- [WORK INSTRUCTIONS]
A verbatim reproduction of the following listing is required; omit the pictures.

--- RECORDS FOR THIS EXERCISE Enclosed Below ---

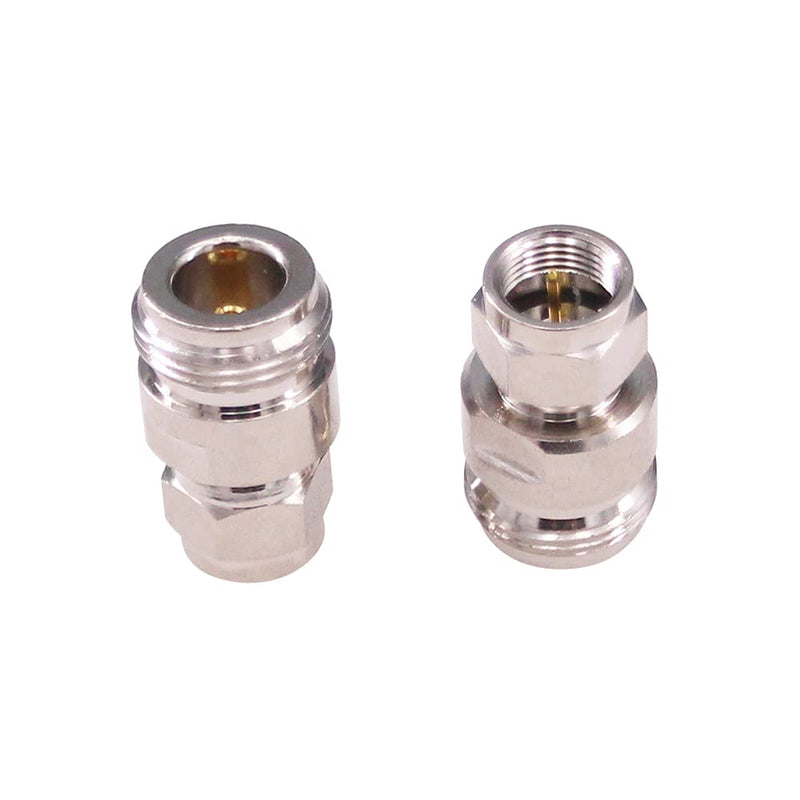 RFaha 2pcs N to F Coax Adapter F Male to N Female RF Coaxial Connector for Antenna Radio(F111-2)
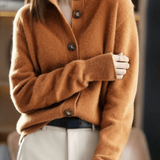 Stéphanie | Vintage-Inspired Cashmere Cardigan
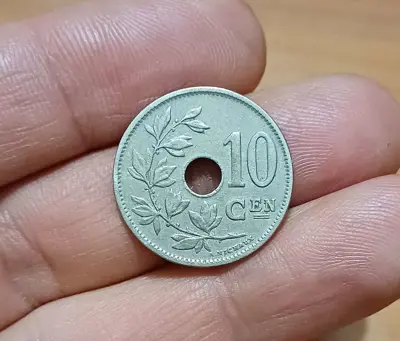Обява: 10 центимес Белгия 1927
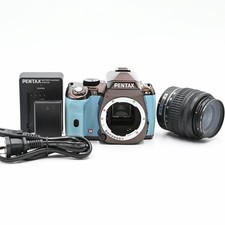 PENTAX fotocamera reflex digitale obiettivo singolo K r 18 55 mm F3.5 5.6 metallo marrone blu (
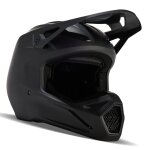Casque cross fox v1 - solid 2024 matt black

--- End of Enclosed RECORDS FOR THIS EXERCISE ---

- [EXERCISE RESPONSE]
 RFaha 2pcs N to F Coax Adapter F Male to N Female RF Coaxial Connector for Antenna Radio(F111-2)
 Stéphanie | Vintage-Inspired Cashmere Cardigan
Обява: 10 центимес Белгия 1927
 PENTAX fotocamera reflex digitale obiettivo singolo K r 18 55 mm F3.5 5.6 metallo marrone blu (
Casque cross fox v1 - solid 2024 matt black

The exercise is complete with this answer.